- Born: 1981 (age 44–45) Ceredigion, Wales
- Notable work: "Rebel" (2020), "Ar Hyd y Nos" (2024)
- Television: Cymru ar Cynfas (2021)
- Awards: National Collection (National Library of Wales)

= Meinir Mathias =

Welsh artist (born 1981)

Meinir Mathias (born 1981) is an artist from Ceredigion, Wales, working mainly with oil paint and intaglio printing techniques.

Her work relates to Welsh identity, folk imagery and political protest, with the Rebecca Riots a recurring reference as seen in her first solo exhibition, 'Rebel' (2020). The success of 'Rebel' and her 2024 exhibition 'Ar Hyd y Nos' has secured her status as one of the most important contemporary painters in Wales with several paintings purchased for the National Collection by the National Library of Wales.

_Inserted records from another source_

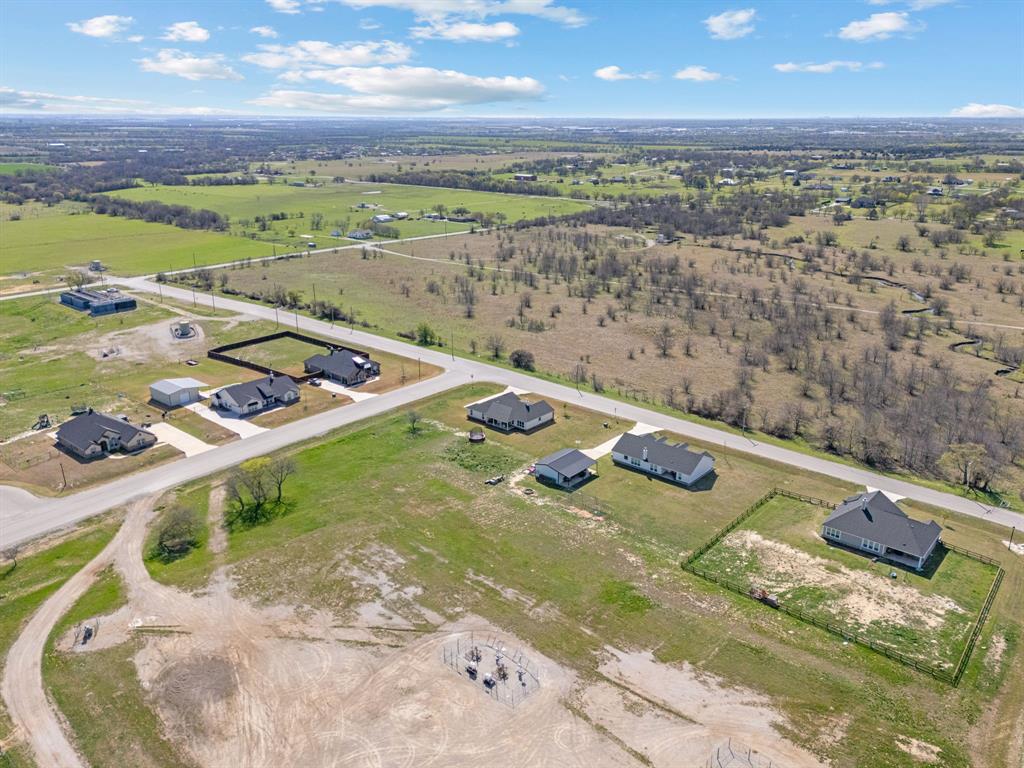 134 Stone Cyn Drive Rhome, TX 76078 - Photo 5 of 39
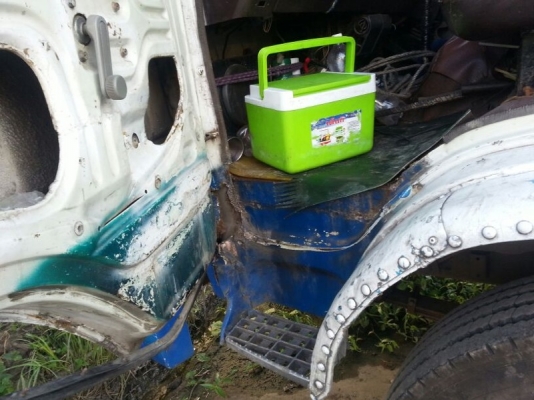 รถอีซูซุ  10 ล้อ รั้ว F17  168 แรงม้า.  สนใจติดต่อ 081 - 6079515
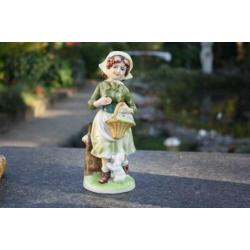 beeld MEISJE met POEDEL hoogte 20 cm
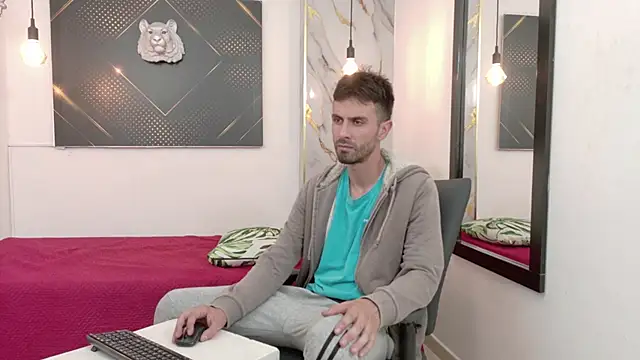 Snapshot of KingOfTemptation chatting on June 1, 2026, 4:03 am KingOfTemptation online show from June 1, 2026, 4:03 am
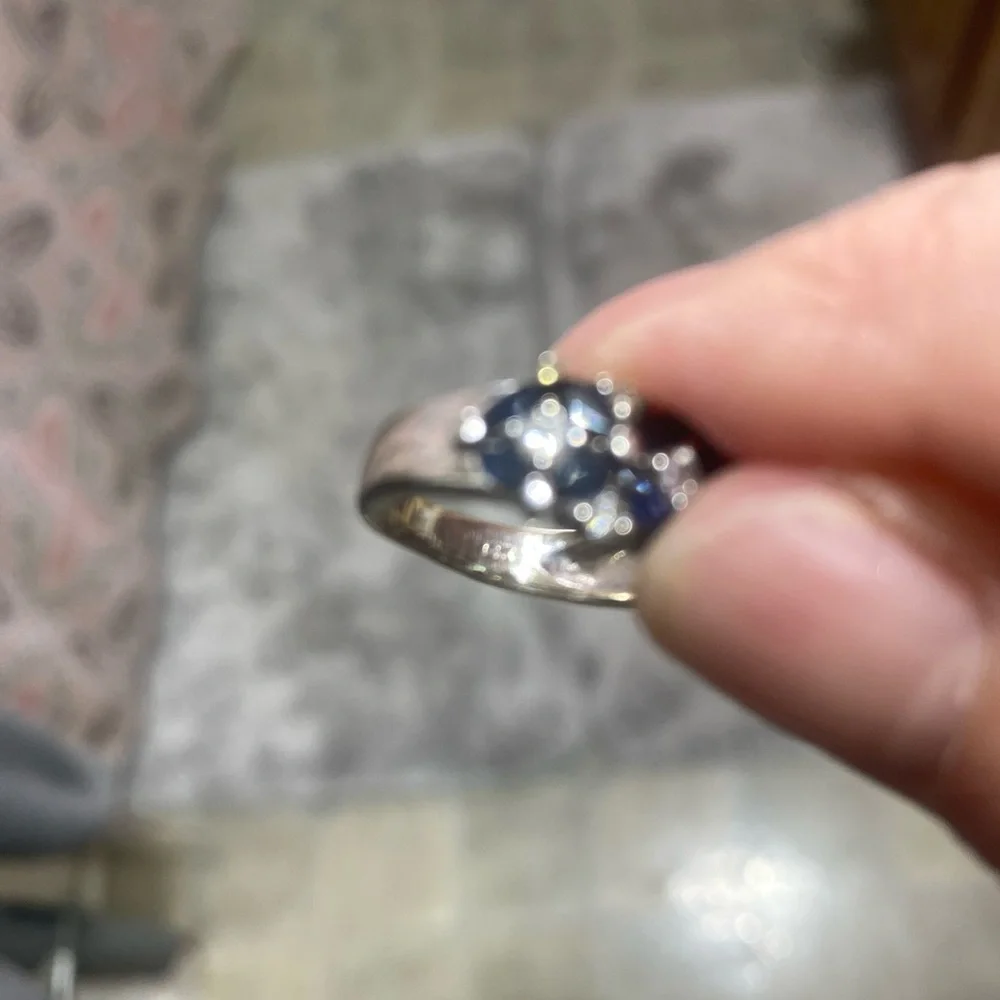 14k white gold diamond and sapphire ring might be EFFY with maker mark bh - Picture 6 of 12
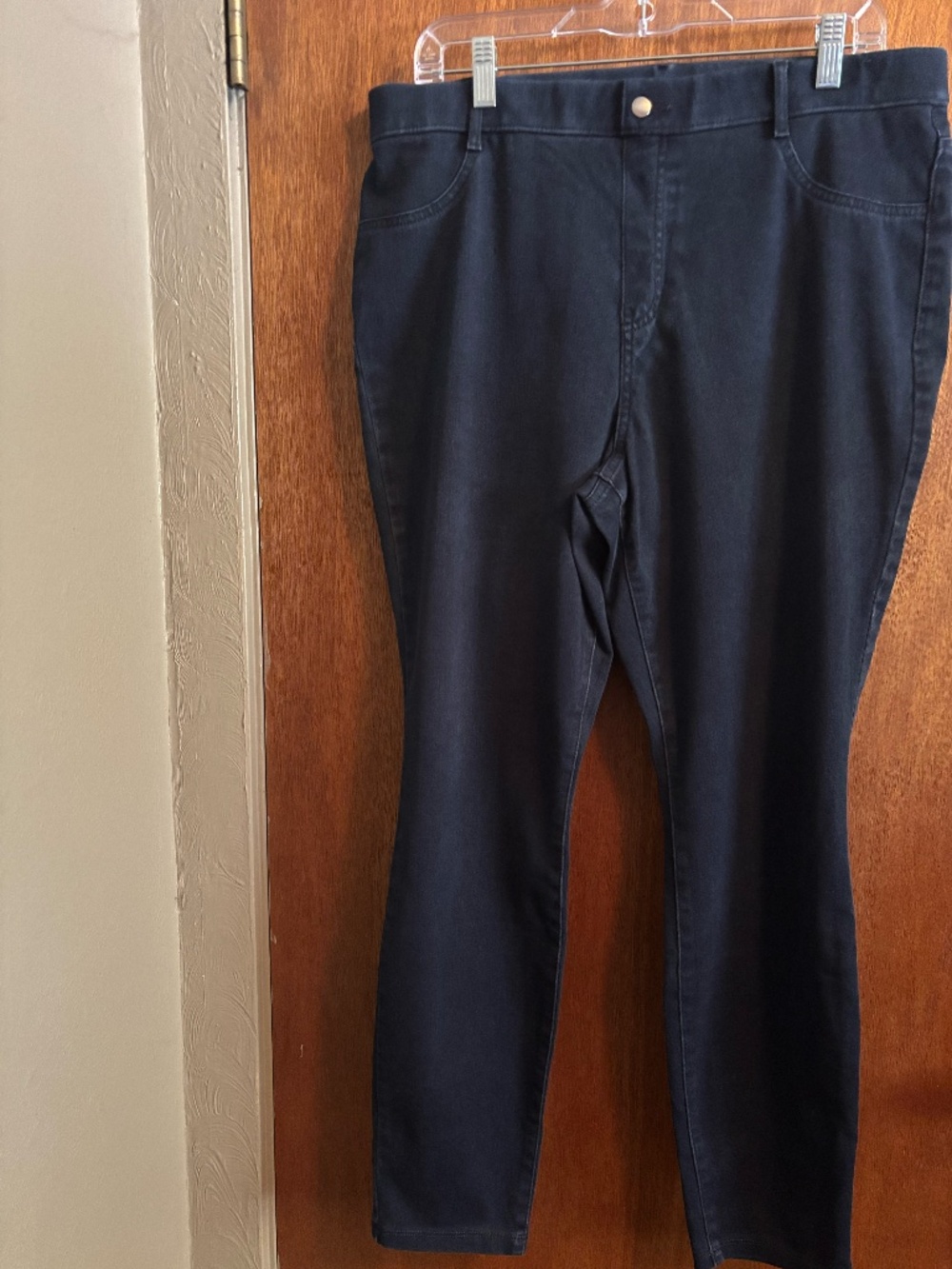 Womens Time and Tru Black Jeans Size XL-15to18 Pull on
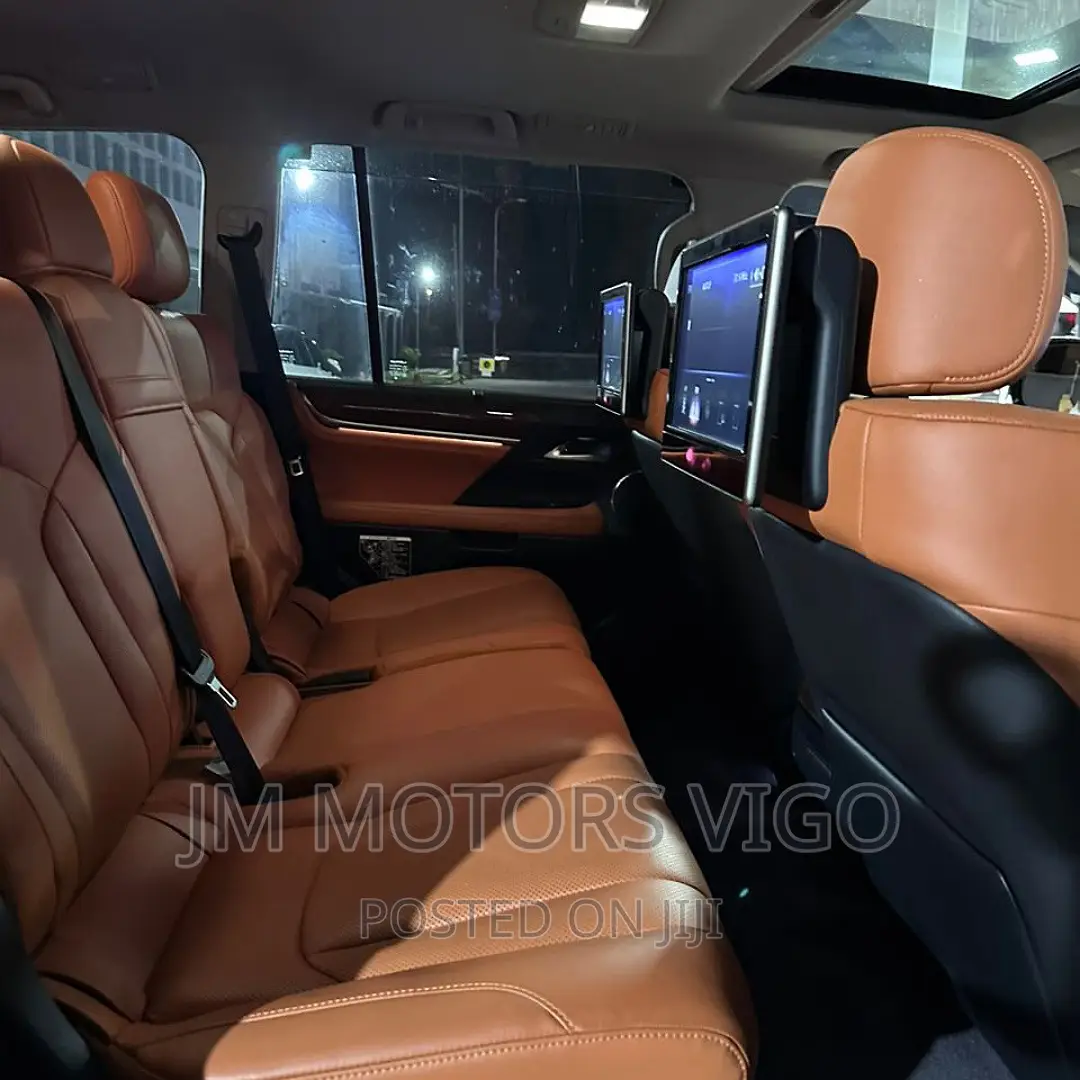 Lexus LX 2017 Pearl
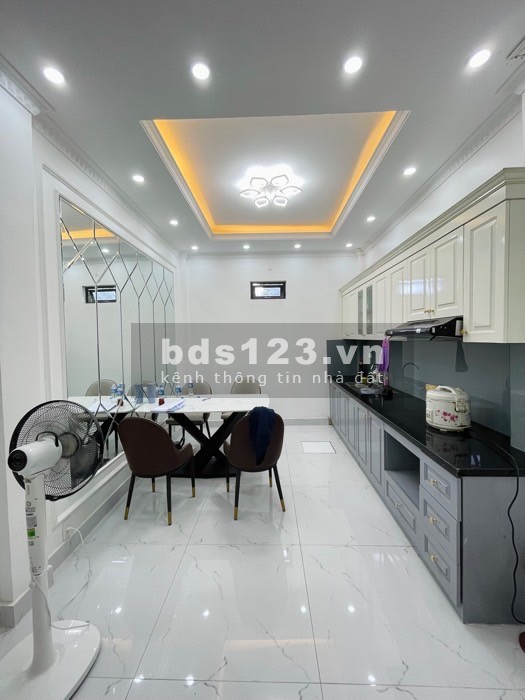 Cần bán nhà 4 tầng phố Trần Bình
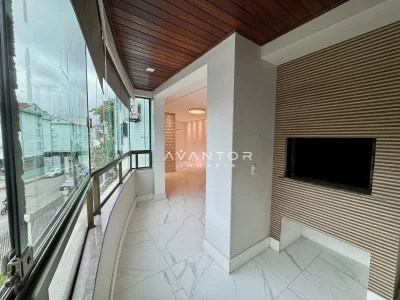 Sacada com teto de madeira e vista urbana — Apartamento à venda no royal garden, em Nossa Senhora de Lourdes, Santa Maria/RS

She has exhibited in many prominent galleries including the Contemporary Wales exhibition at the Waterfront Gallery, Oriel Ffin y Parc, Royal Cambrian Academy of Fine Arts and Oriel Plas Glyn y Weddw.

In 2021 Mathias was part of the second series of the Cymru ar Cynfas program on S4C, where she created a portrait of the naturalist, Iolo Williams.

In 2025, to commemorate International Women's Day, Mathias created five portraits of Welsh women for an exhibition at the Senedd building in Cardiff.